Question 16.17: A balanced three-phase source with VL = 200 V(rms) feeds a Δ......
A balanced three-phase source with VL = 200 V(rms) feeds a Δ-connected load with ZΔ = 12 + j6 Ω per phase through a three-wire line with ZW = 0.1 + j0.55 Ω per phase. Find the line current and phase current phasors using ∠IA = 0° as the phase reference.
The phase impedance of the equivalent Y-connected load ZY = ZΔ/3 = 4 + j2 Ω. The phase voltage magnitude at the source is V_{P} = 200/\sqrt{3} = 115.5 V(rms). In each phase, the voltage VP appears across the series combination of ZW + ZY; hence the line current magnitude is
I_{L} = \frac{V_{P}}{|Z_{W} + Z_{Y}|} = \frac{115.5}{|4.1 + j2.55|} = 23.9 A(rms)
Using ∠IA as the phase reference means IA = 23.9 ∠ 0° A(rms) and the other two line currents lag IA at −120° intervals. For a positive phase sequence, these currents are IB = 23.9 ∠ −120° A(rms) and IC = 23.9 ∠ −240° A(rms).
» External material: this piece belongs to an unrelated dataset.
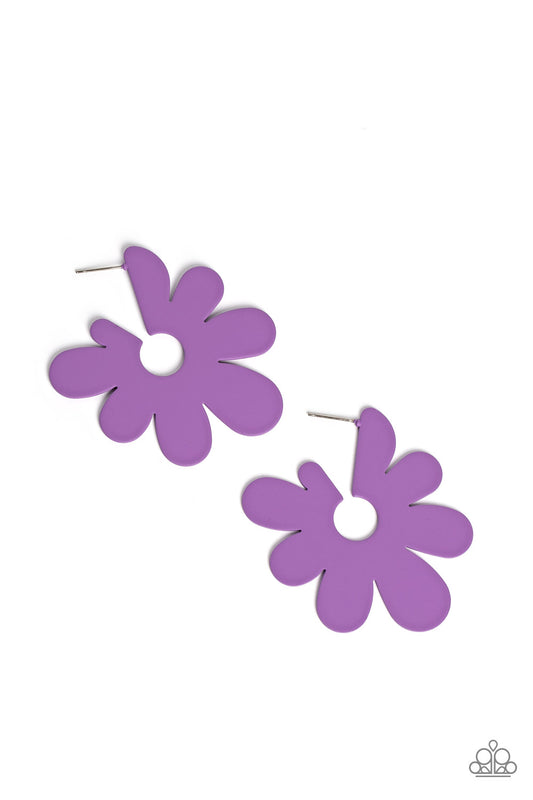 Flower Power Fantasy - Purple Paparazzi Earrings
The phase current magnitude is I_{P} = 23.9/\sqrt{3} = 13.8 A(rms). The phase current IAB leads IA by 30°; hence IAB = 13.8 ∠ +30° A(rms) and the other two phase currents are IBC = 13.8 ∠ −90° A(rms) and ICA = 13.7 ∠ −210° A(rms).
Again, we can easily get the phase currents in the Δ-connected load by first finding the line current IA in the equivalent Y-Y circuit.